HONG KONG--European stocks edged higher a day after the European Central Bank (ECB) unveiled new measures to boost economic growth but other benchmarks struggled Friday as investors awaited the U.S. jobs report for May.

Global market reaction to the ECB measures, which included interest rate cuts and a new liquidity program for banks, was short-lived as investors focused on the jobs data.

In early European trading, Germany's DAX rose 0.2 percent to 9,969.12 and France's CAC 40 gained 0.1 percent to 4,555.33. Britain's FTSE 100 advanced 0.3 percent to 9,835.02.

U.S. stocks were poised to open higher. Dow futures edged up 0.2 percent to 16,487.00 and S&P 500 futures were up less than 0.1 percent to 1,939.70.

"Today, the U.S jobs report will garner most focus while investors continue to digest the ECB decision," strategists at Credit Agricole CIB said in a report.

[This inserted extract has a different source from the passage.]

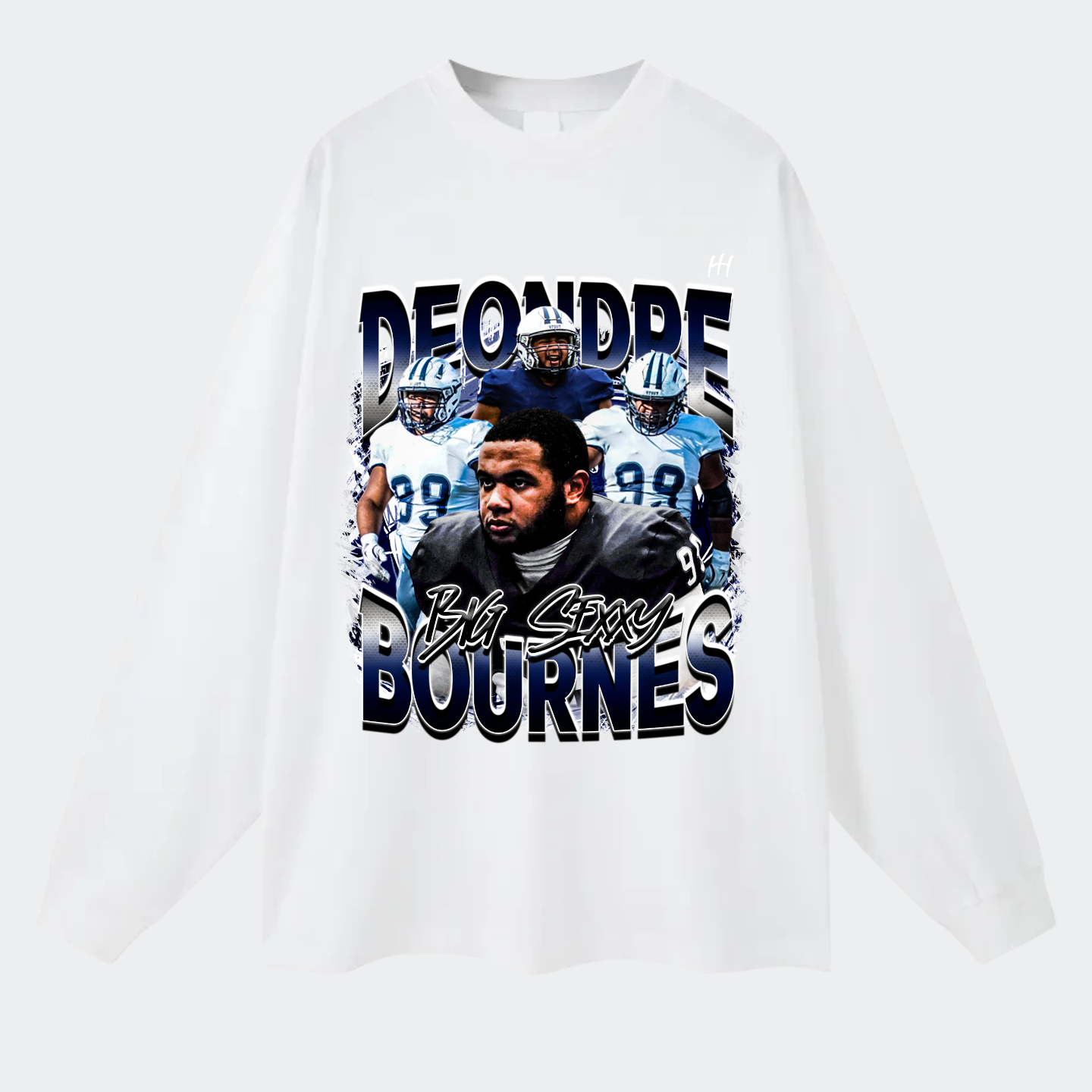 Deondre Bournes Long Sleeve Tee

The U.S. nonfarm payrolls report due Friday will likely set the tone for markets for the following week as traders assess whether it changes the Federal Reserve's current policy stance of not rushing to raise interest rates.

Analysts forecast that U.S. employers added 220,000 jobs last month after adding 288,000 in April. A fourth straight 200,000-plus monthly job gain would add to evidence that the job market in the world's biggest economy is strengthening.

The monthly U.S. jobs report "at present seems to be one of the few economic releases that is still able to make significant waves in markets," said Michael Every, head of Asia financial markets research at Rabobank.

Markets may cheer even if Friday's number comes in lower than expected, because it would raise the prospect of policymakers delaying their scaling back of monetary stimulus, Every said.

"Equities would no doubt also be happy with the prospect of an even longer period of monetary policy largesse," he said.

Asian shares were mixed on Thursday.

Tokyo pared most morning gains to end flat, edging up 11.41 points to 15,079.37, while Seoul fell 0.65 percent, or 13.08 points, to 1,995.48 and Sydney slid 0.15 percent, or 7.93 points, to close at 5,436.90.

Shanghai gained 0.79 percent, or 16.05 points, to 2,040.88 and Hong Kong slipped 0.18 percent, or 42.05 points, to 23,109.66.

U.S. shares ticked up on Wednesday after broadly upbeat data. The Institute for Supply Management said activity in the services sector, accounting for 80 percent of the U.S. economy, surged in May.